Short descriptive text snippets:
----------------

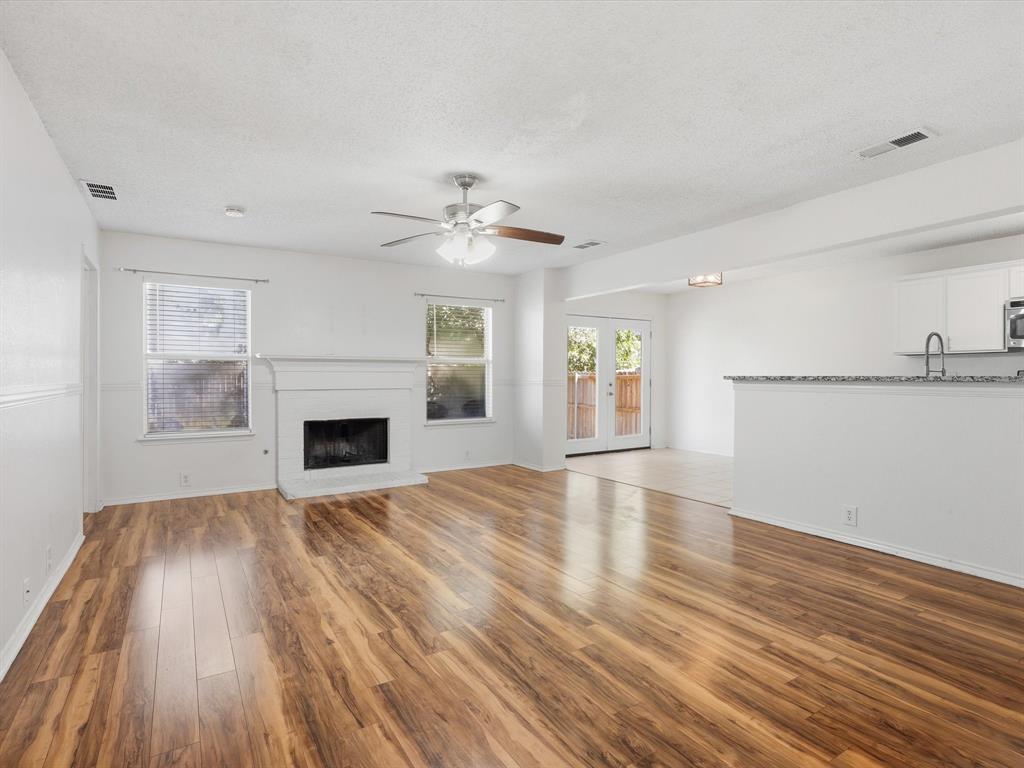 4305 Falcon Drive Sherman, TX 75092 - Photo 6 of 27 a view of empty room with wooden floor and fireplace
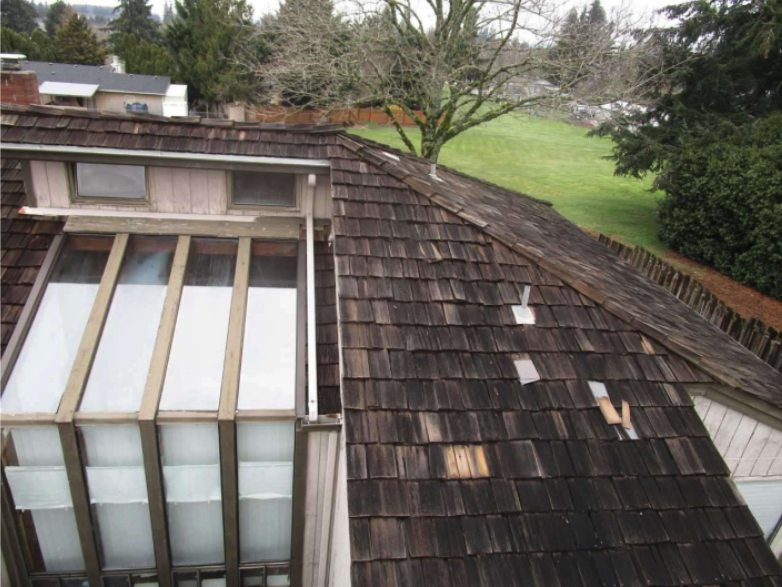 Aerial view of a house roof with old, weathered shingles, some tiles being replaced with new wood framing and a skylight.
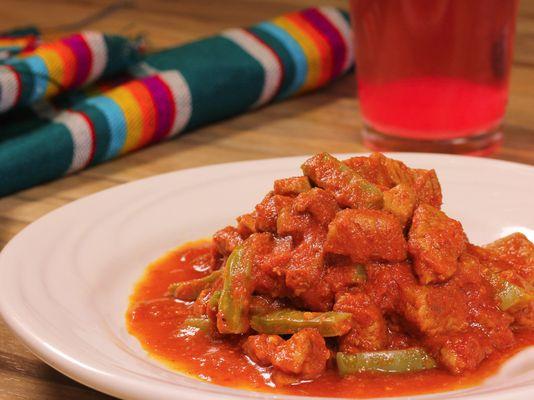 Chunks of pork and Nopales in a flavorful red salsa (Puerco y Nopales en salsa roja)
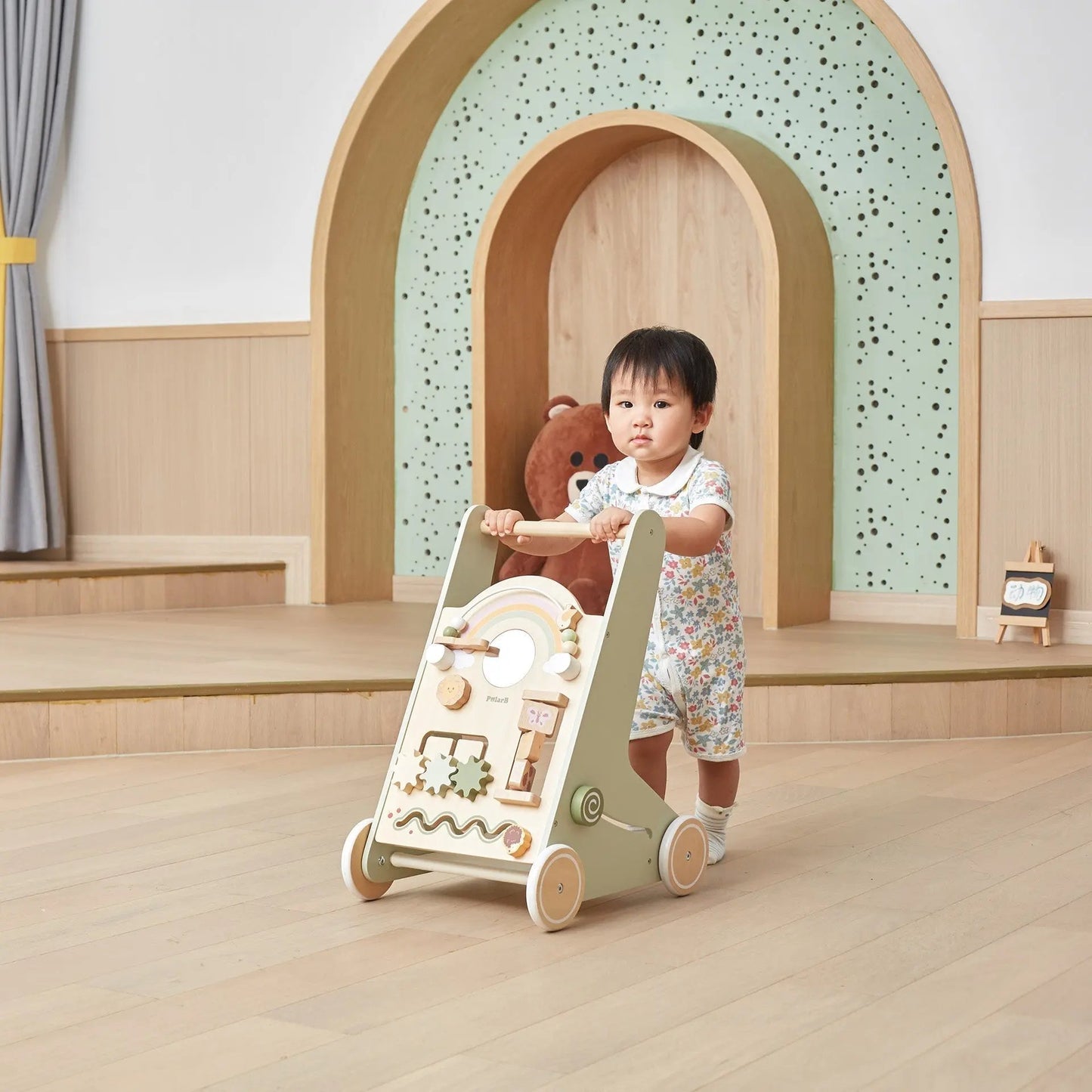 Child playing with a wooden toy walker in a room with a teddy bear and decorative arches.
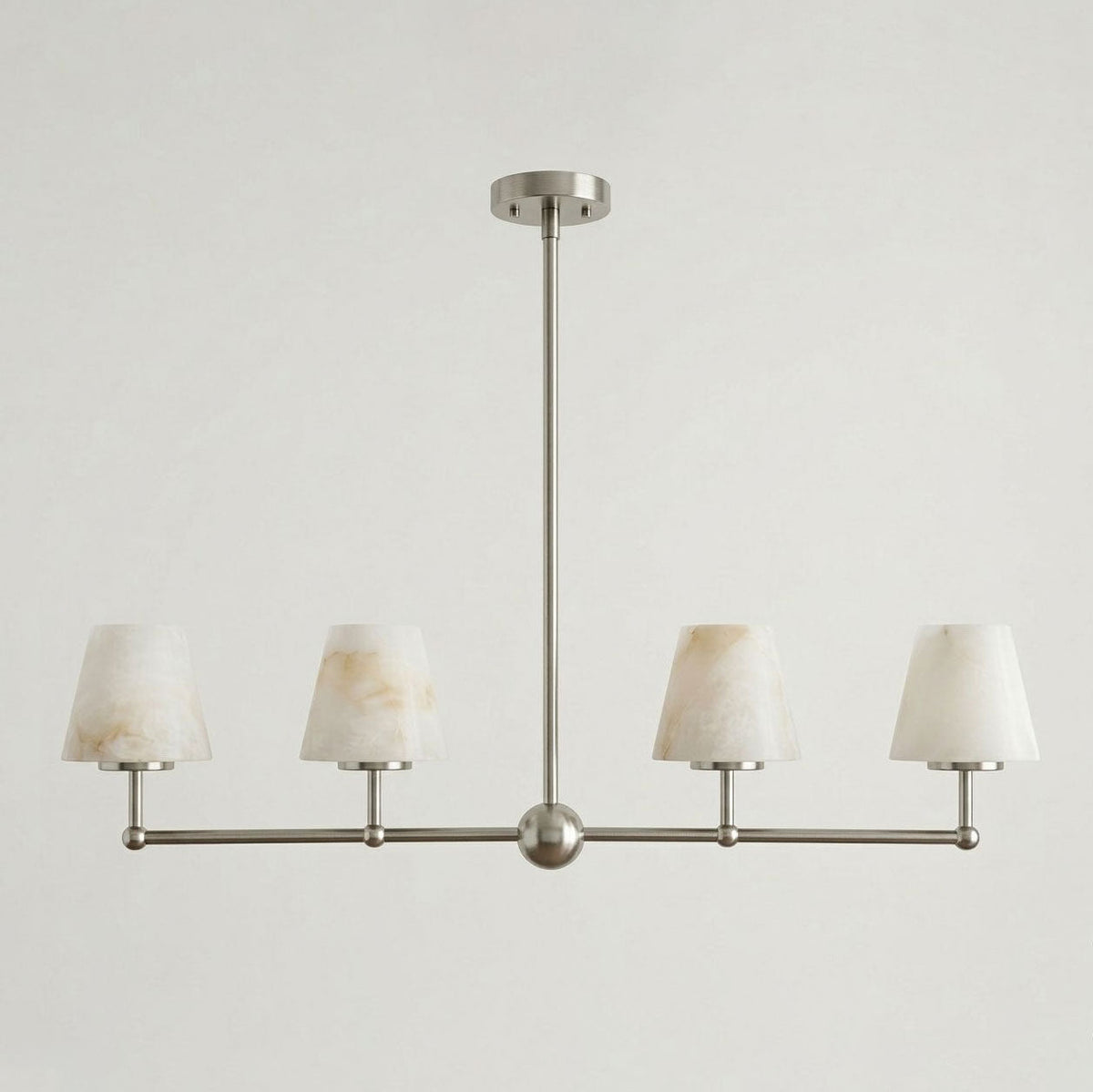 Seen straight-on against a plain background, this Clérachic chandelier's four cone shades sit in brushed nickel.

----------------

EXERCISE REQUIREMENTS. Reproduce the data exactly as it appears above. Pictures are to be left out.

WRITTEN RESPONSE.
 4305 Falcon Drive Sherman, TX 75092 - Photo 6 of 27 a view of empty room with wooden floor and fireplace
 Aerial view of a house roof with old, weathered shingles, some tiles being replaced with new wood framing and a skylight.
 Chunks of pork and Nopales in a flavorful red salsa (Puerco y Nopales en salsa roja)
 Child playing with a wooden toy walker in a room with a teddy bear and decorative arches.
 Seen straight-on against a plain background, this Clérachic chandelier's four cone shades sit in brushed nickel.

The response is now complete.